*Task requirements*
An unchanged copy of all the lines below is expected, and it should contain no pictures.

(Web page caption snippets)
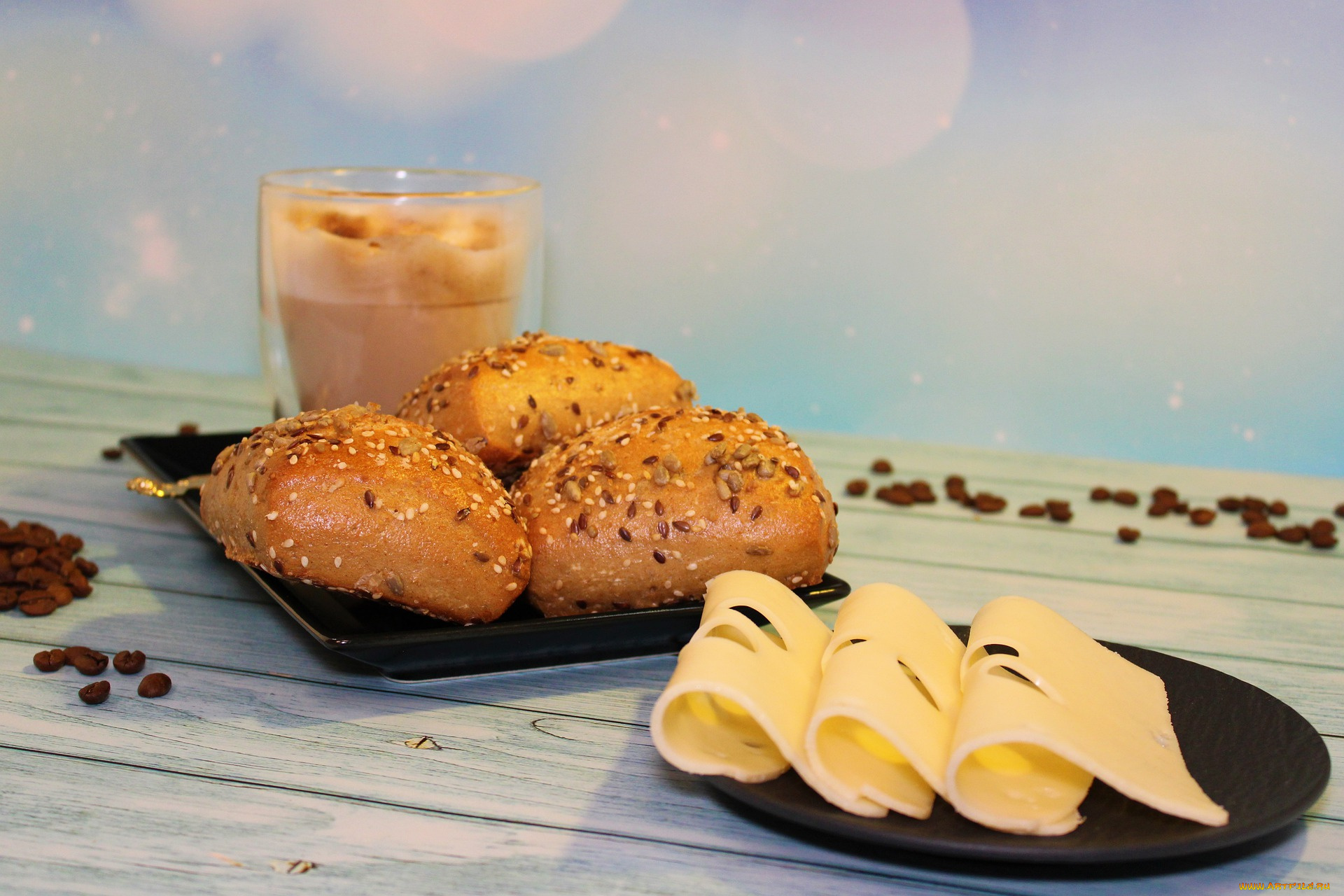 еда, разное, кофе, рулон, завтрак, кафе, кофеин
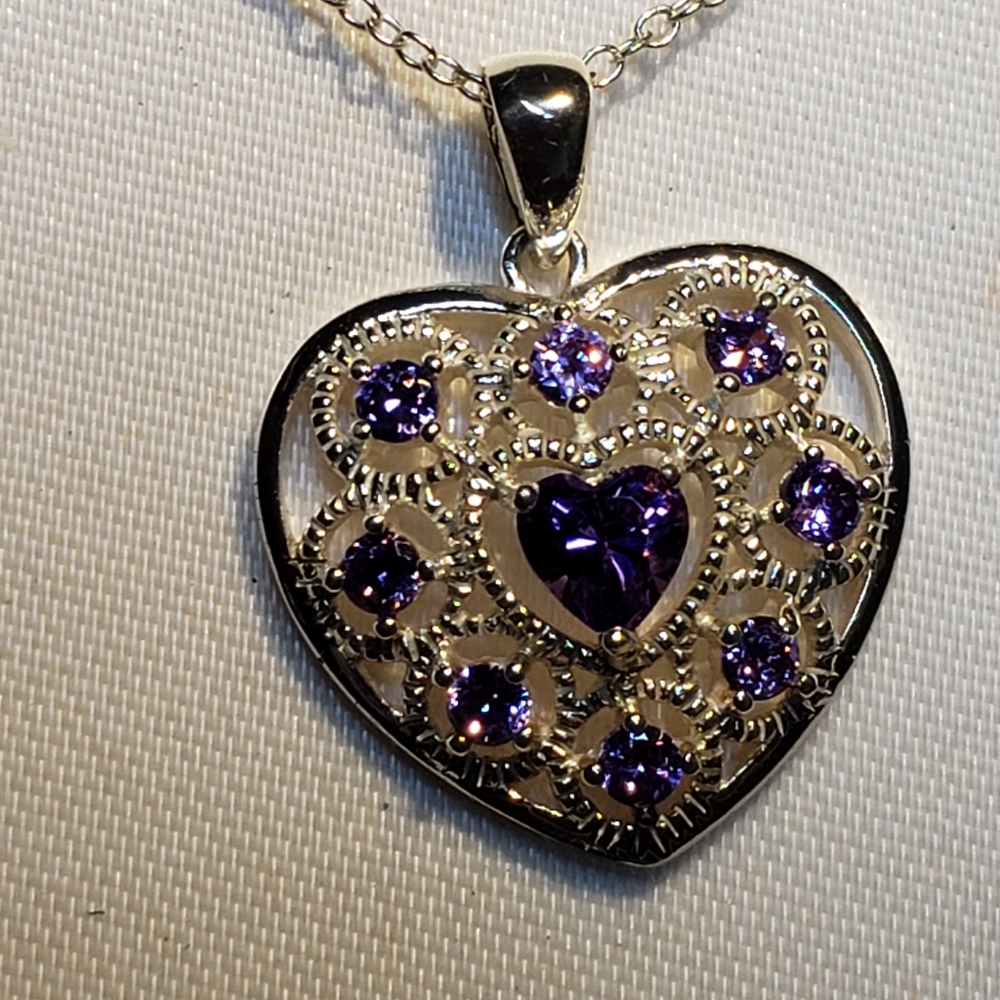 Amethyst and Silver Necklace /NWOT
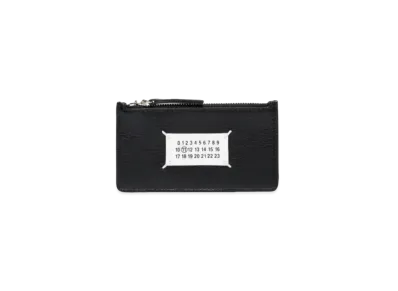 Maison Margiela Numbers Logo Zipped Card Holder "Black"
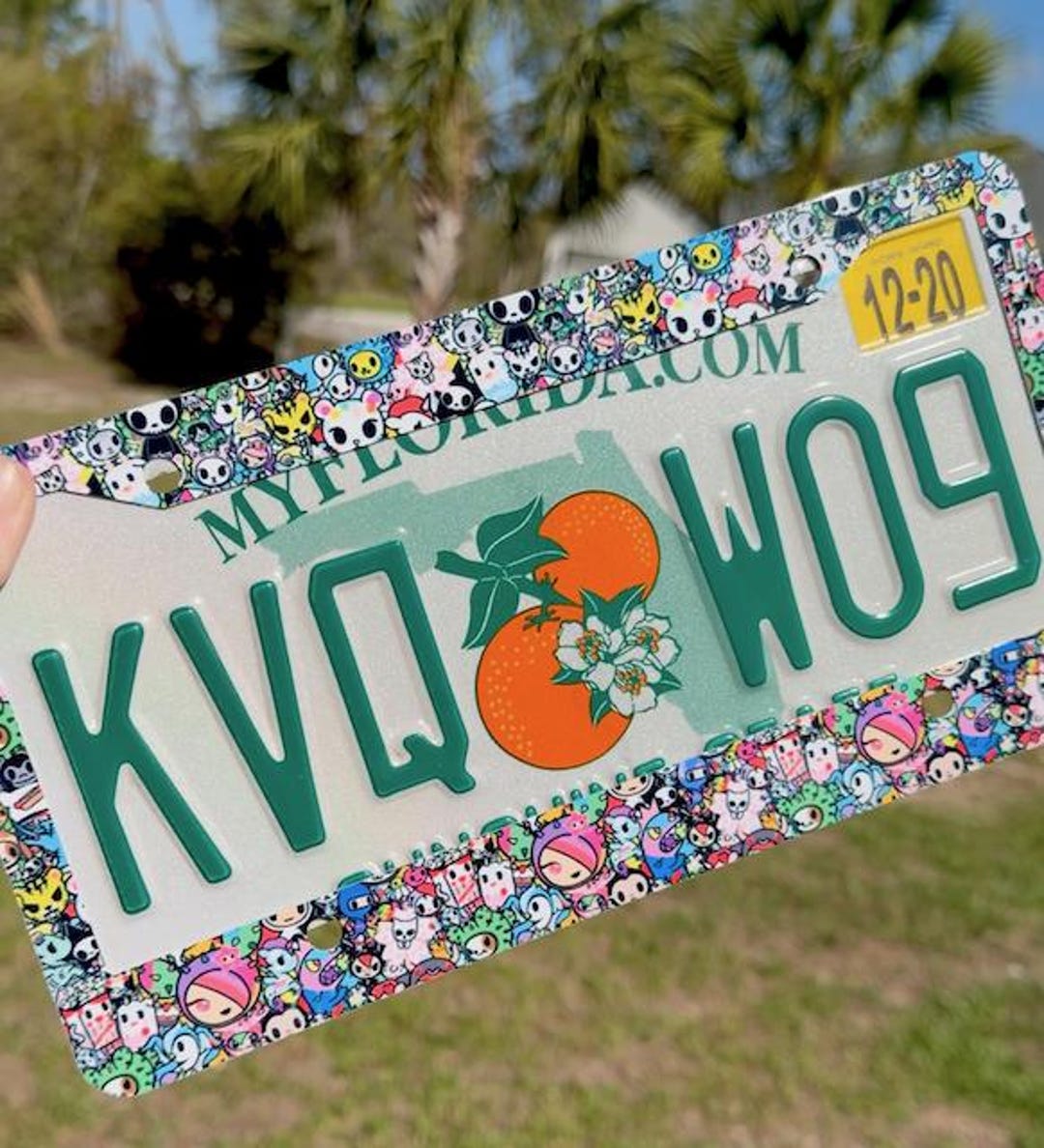 Kawaii License Plate Framenull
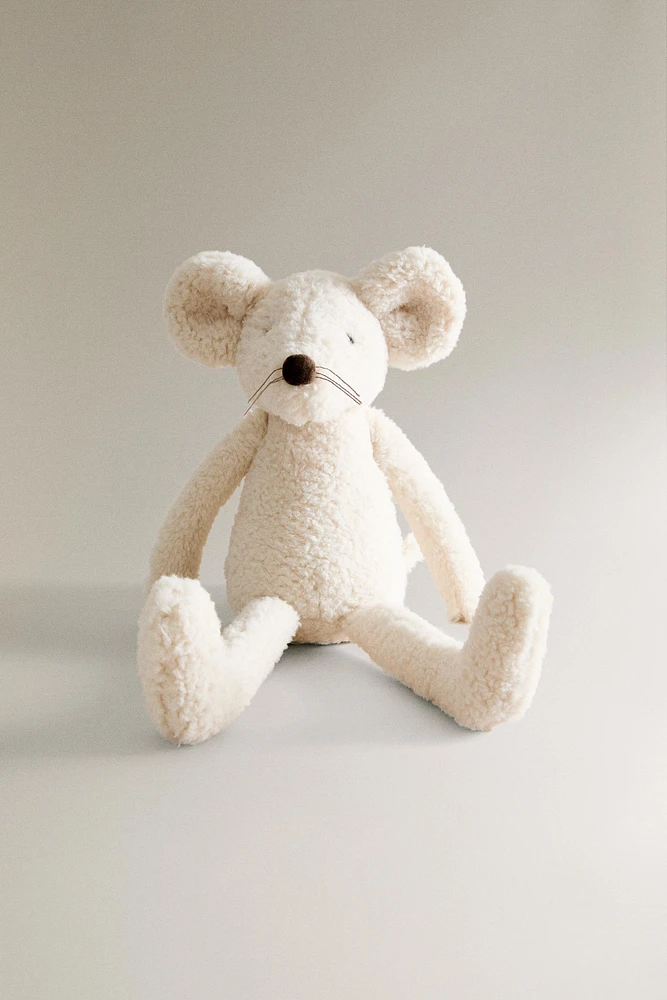 PELUCHE ENFANT SOURIS MUSICALE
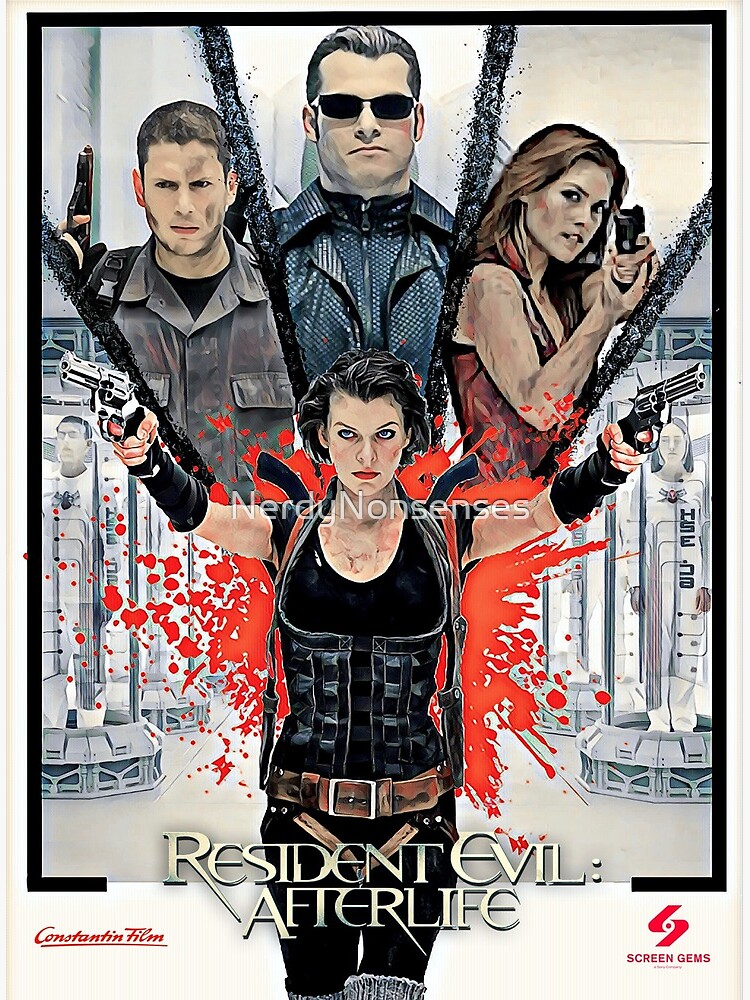 Resident Evil Afterlife - Movie Poster - Japanese Poster Print - Multi -  Bed Bath & Beyond - 24131613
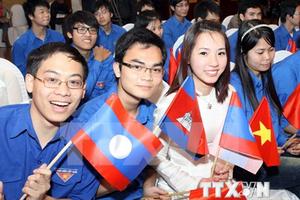 Khai mạc Hội nghị hợp tác thanh niên Việt Nam-Lào-Campuchia 2014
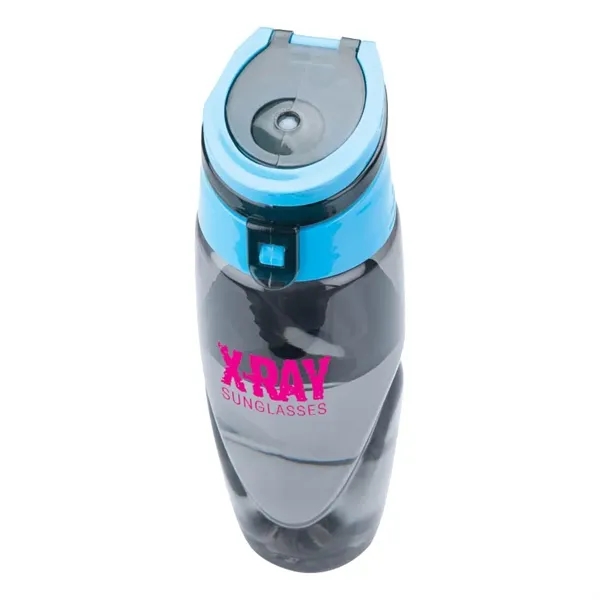 32 oz. BPA-Free Tritan water bottle with a smoky body, colored... from ASI 67866 Logomark/Valumark
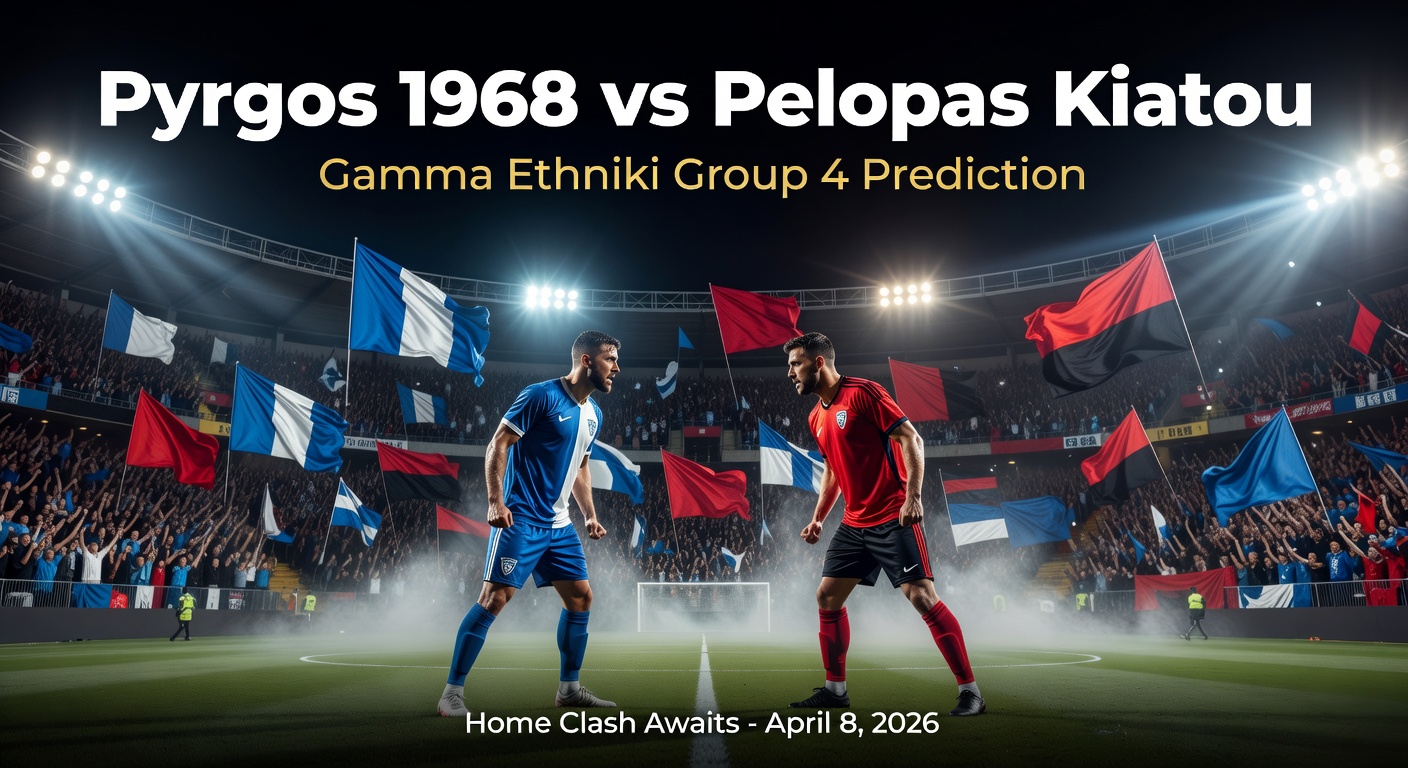 Pyrgos 1968 vs Pelopas Kiatou Pronóstico / Prediction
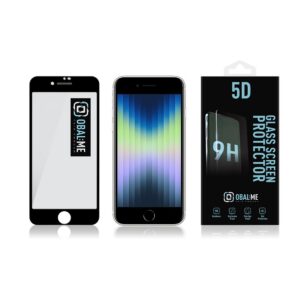OBAL:ME 5D apsauginis stiklas telefonui Apple iPhone 7/8/SE2020/SE2022 Black - Image 2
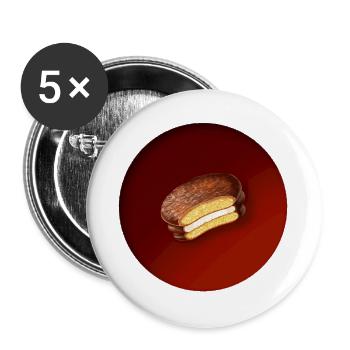 a delicious biscuit with chocolate - Buttons large 2.2''/56 mm (5-pack) - white - Front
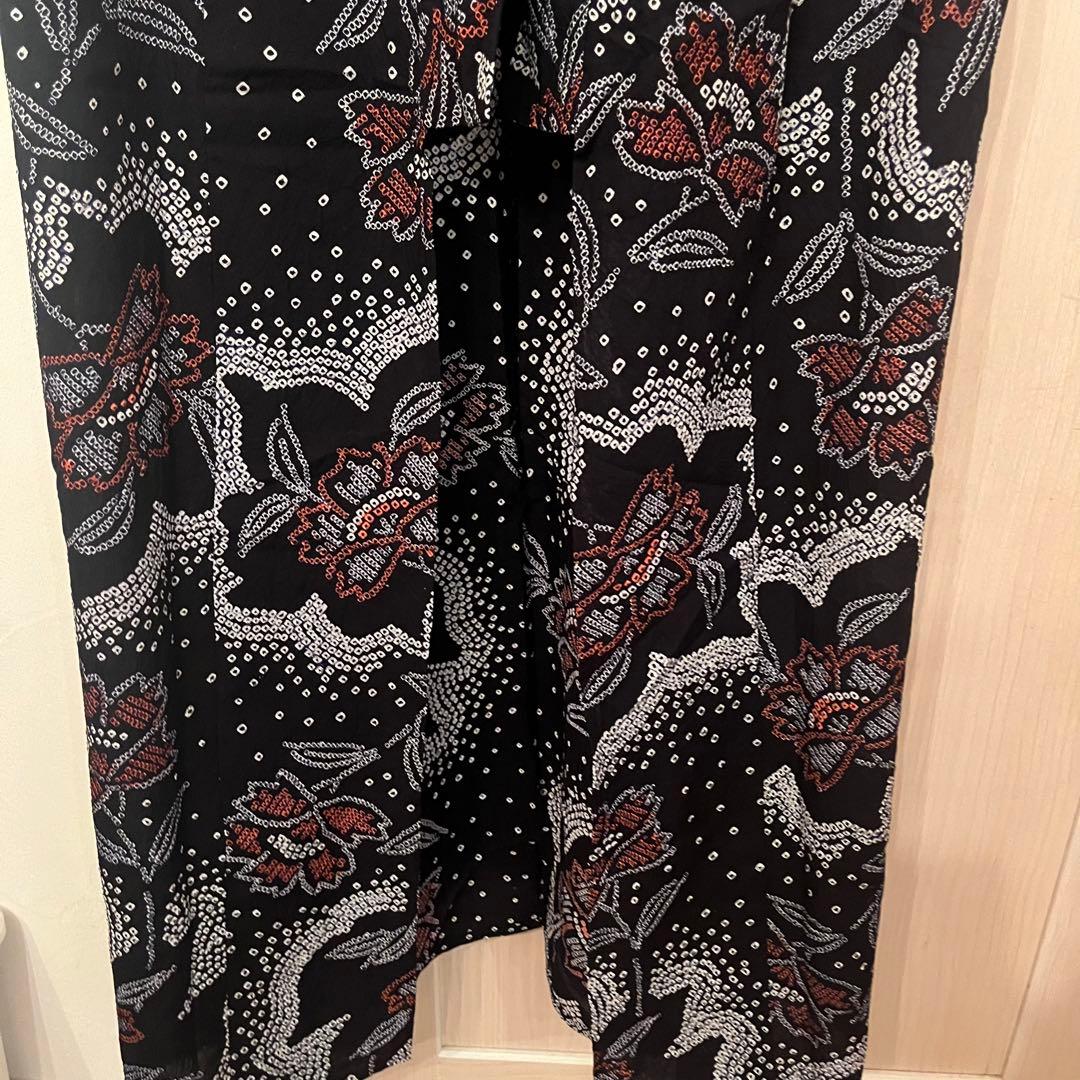 専用　有松鳴海絞り 黒　極美品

*Answer space*
 еда, разное, кофе, рулон, завтрак, кафе, кофеин
 Amethyst and Silver Necklace /NWOT
 Maison Margiela Numbers Logo Zipped Card Holder "Black"
 Kawaii License Plate Framenull
 PELUCHE ENFANT SOURIS MUSICALE
 Resident Evil Afterlife - Movie Poster - Japanese Poster Print - Multi -  Bed Bath & Beyond - 24131613
 Khai mạc Hội nghị hợp tác thanh niên Việt Nam-Lào-Campuchia 2014
 32 oz. BPA-Free Tritan water bottle with a smoky body, colored... from ASI 67866 Logomark/Valumark
 Pyrgos 1968 vs Pelopas Kiatou Pronóstico / Prediction
OBAL:ME 5D apsauginis stiklas telefonui Apple iPhone 7/8/SE2020/SE2022 Black - Image 2
 a delicious biscuit with chocolate - Buttons large 2.2''/56 mm (5-pack) - white - Front
 専用　有松鳴海絞り 黒　極美品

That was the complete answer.